### Exercise description
Reproduce only this range: the line holding "Modernist Gold Watch, Universal Geneve" through the last line of the data below, both included, exactly, with no pictures.

### Information shown
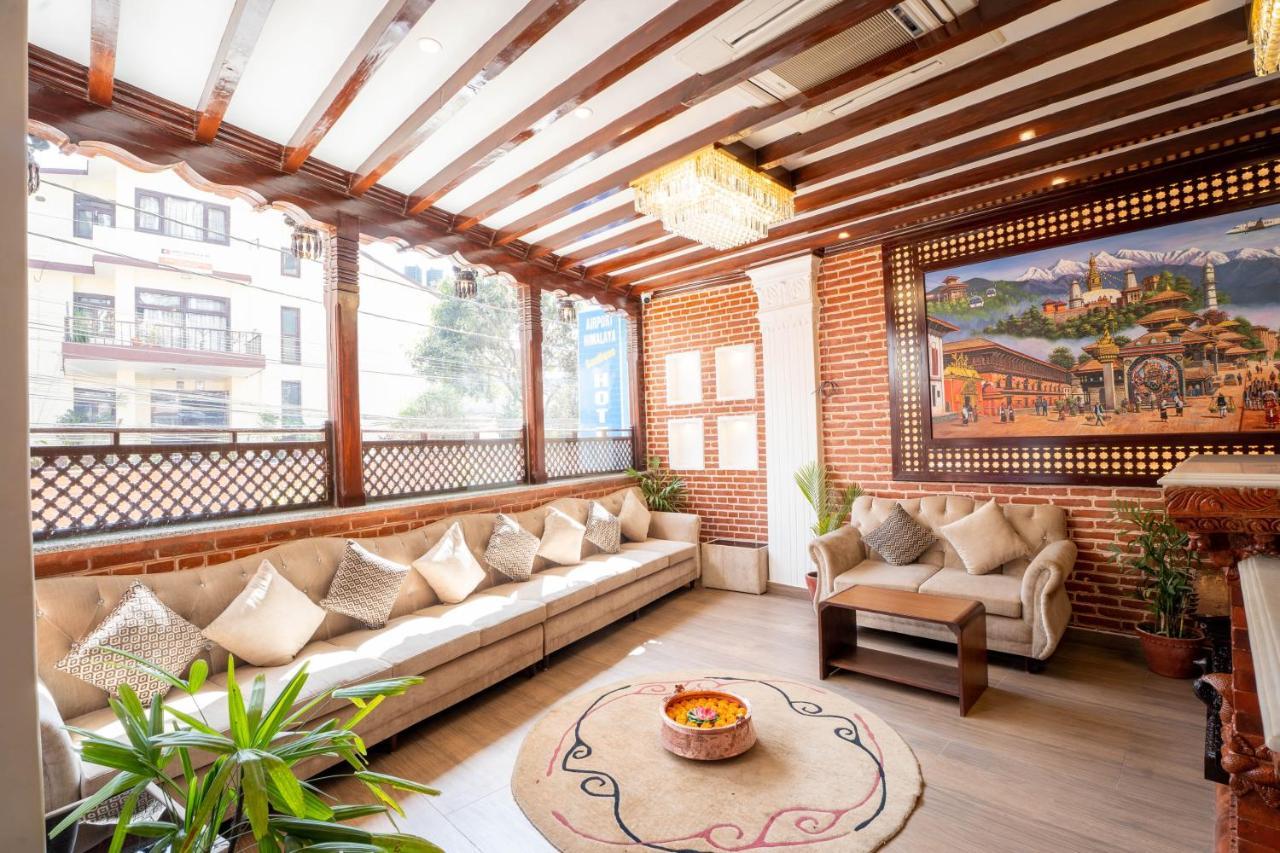 Airport Himalaya Boutique Hotel Katmandu Dış mekan fotoğraf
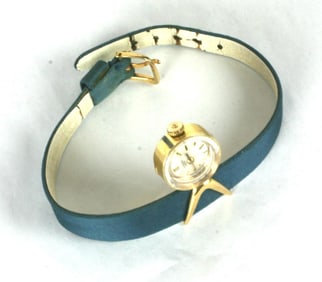 Modernist Gold Watch, Universal Geneve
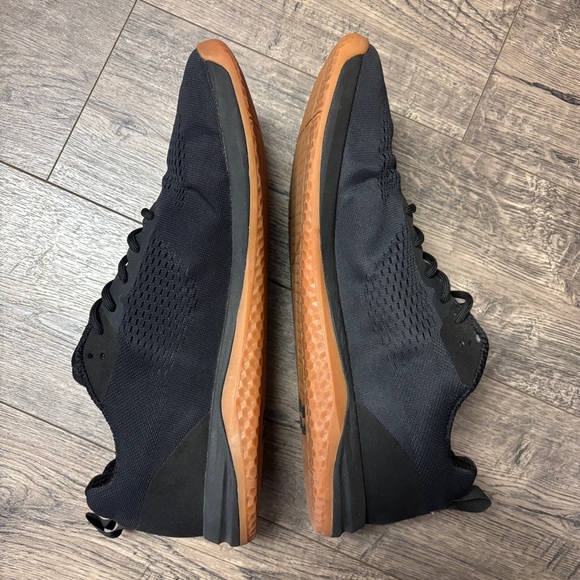 Strike MVMNT Men’s Size 11.5 Haze CrossFit Trainer Shoes Blackout / Gum main image 6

### Reply to the task
 Modernist Gold Watch, Universal Geneve
 Strike MVMNT Men’s Size 11.5 Haze CrossFit Trainer Shoes Blackout / Gum main image 6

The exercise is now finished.